Byron York of the Washington Examiner probes the potential political impact of the feud between Republican presidential nominee Donald Trump and former primary rival John Kasich.

The Trump-Kasich spat is more than a sideshow. It’s at the very heart of the presidential campaign. Of the various ways, none of them easy, for Trump to win the White House, the most direct is: Win all the states Mitt Romney won in 2012, and then, on top of that, win Ohio, Pennsylvania and Florida. Any other path starts to get really complicated. So a Republican who loses Ohio loses the presidency.

This fall, and especially in October, the GOP presidential candidate will need a huge assist from the Republican power structure in Ohio.
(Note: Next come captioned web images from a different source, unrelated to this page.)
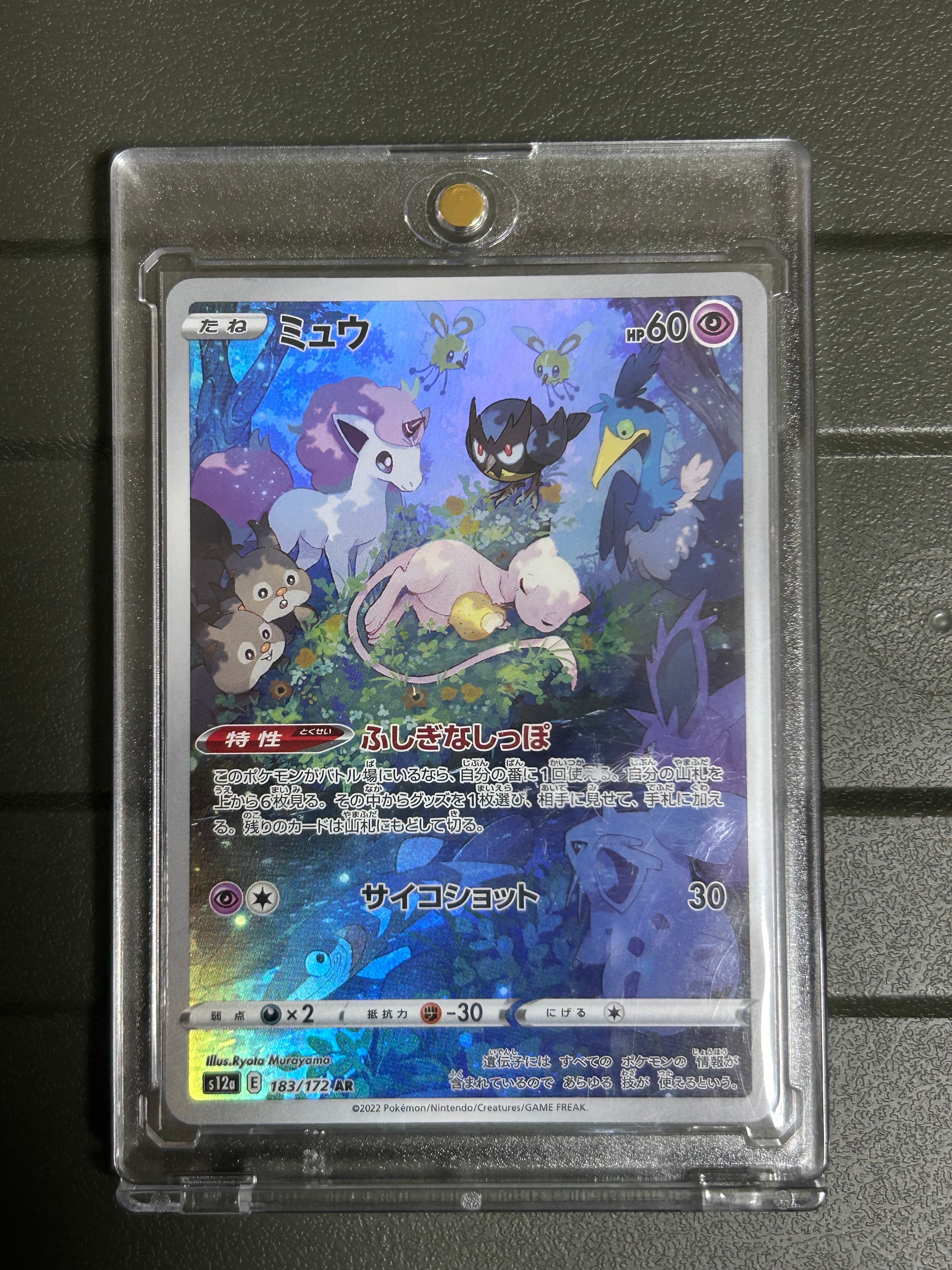 ミュウ AR[s12a 183/172](ハイクラスパック「VSTARユニバース」)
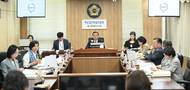 세종시의회 
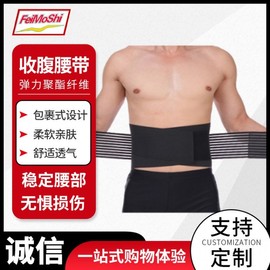 High Elastic Breathable Wide Curved Support Waist Compression Protection Belt 66 One Size/S 5ea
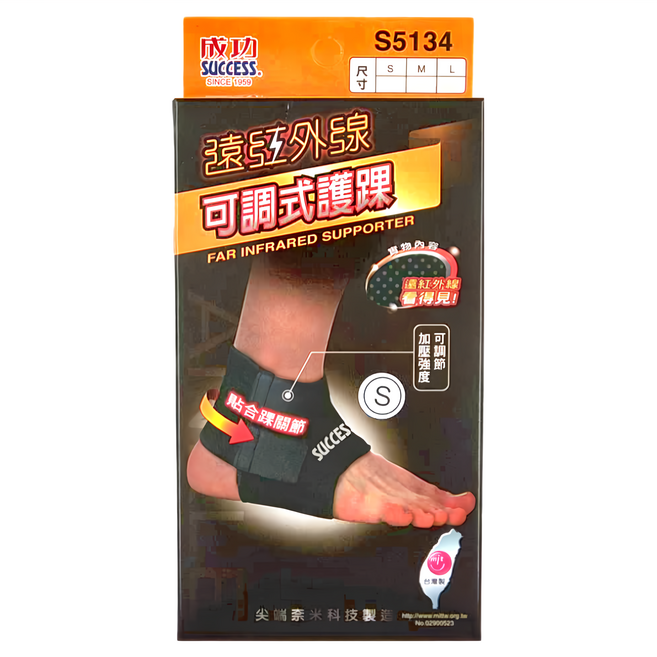 SUCCESS 成功 遠紅外線可調式護踝, 1個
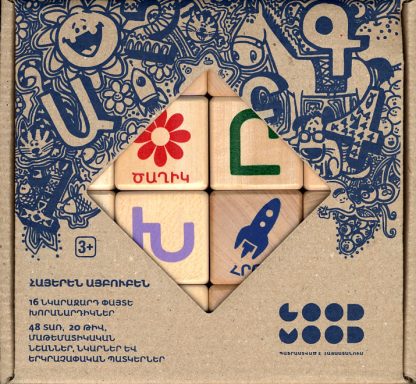 Armenian Alphabet Wooden Blocks - Image 2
He simply has to have it. And at the moment it looks very much like that won’t happen.

“The governor has said that the nominee has to have a positive, inclusive vision, and unless there is a Saul-on-the-road-to-Damascus conversion, he is not going to support [Trump],” Kasich spokesman Chris Schrimpf told me in a phone conversation Tuesday. “Whatever happens in Ohio for Donald Trump is a choice that Donald Trump will make, based on how he chooses to campaign.”

The feud started as bad blood during the primary campaign. It continued after Kasich dropped out and refused to support Trump. And now, Kasich has made history by boycotting his own party’s convention in his own state.